▶ [Problem details] With the images omitted, return all of the entries exactly as they stand.

▶ [Data for this exercise]
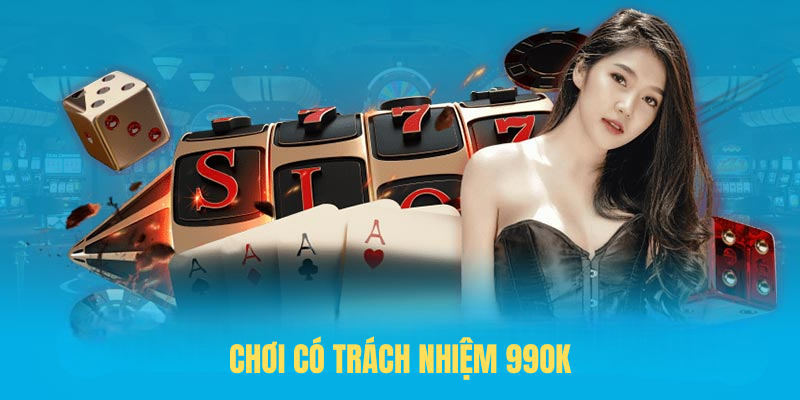 Chơi Có Trách Nhiệm 99OK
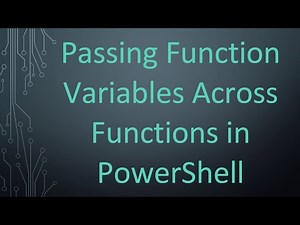 Passing Function Variables Across Functions in PowerShell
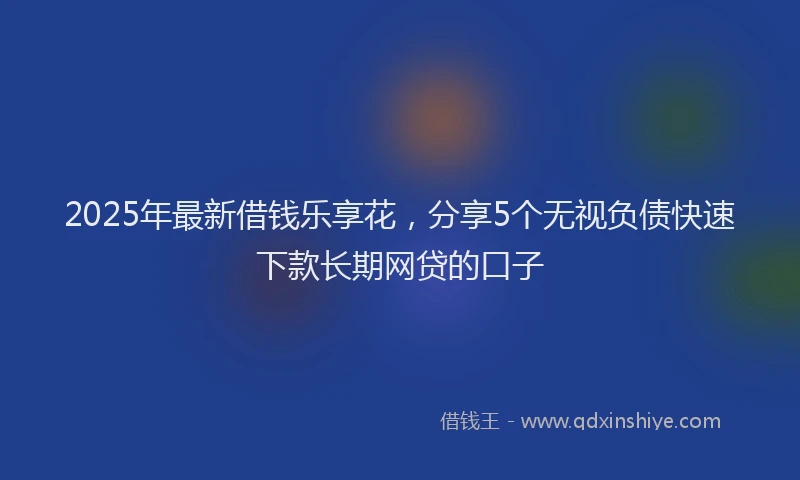 2025年最新借钱乐享花，分享5个无视负债快速下款长期网贷的口子
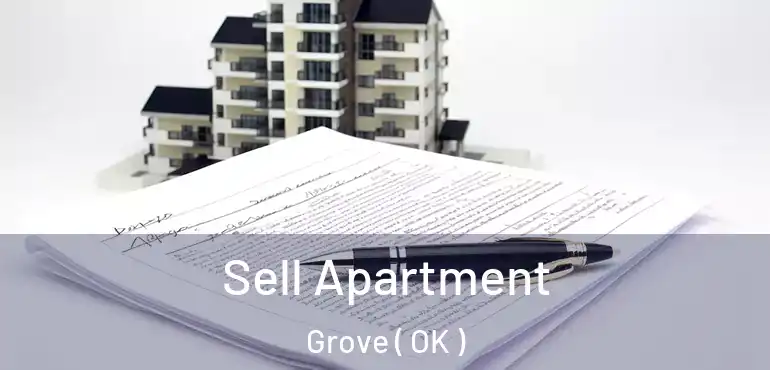  Sell Apartment Grove ( OK )
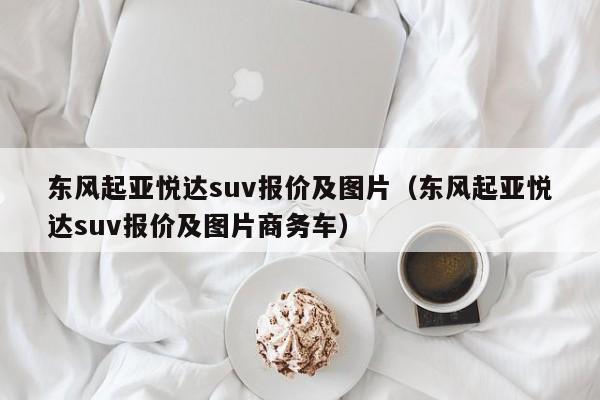 东风起亚悦达suv报价及图片（东风起亚悦达suv报价及图片商务车）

▶ [Answer area]
 Chơi Có Trách Nhiệm 99OK
 Passing Function Variables Across Functions in PowerShell
 2025年最新借钱乐享花，分享5个无视负债快速下款长期网贷的口子
  Sell Apartment Grove ( OK )
 东风起亚悦达suv报价及图片（东风起亚悦达suv报价及图片商务车）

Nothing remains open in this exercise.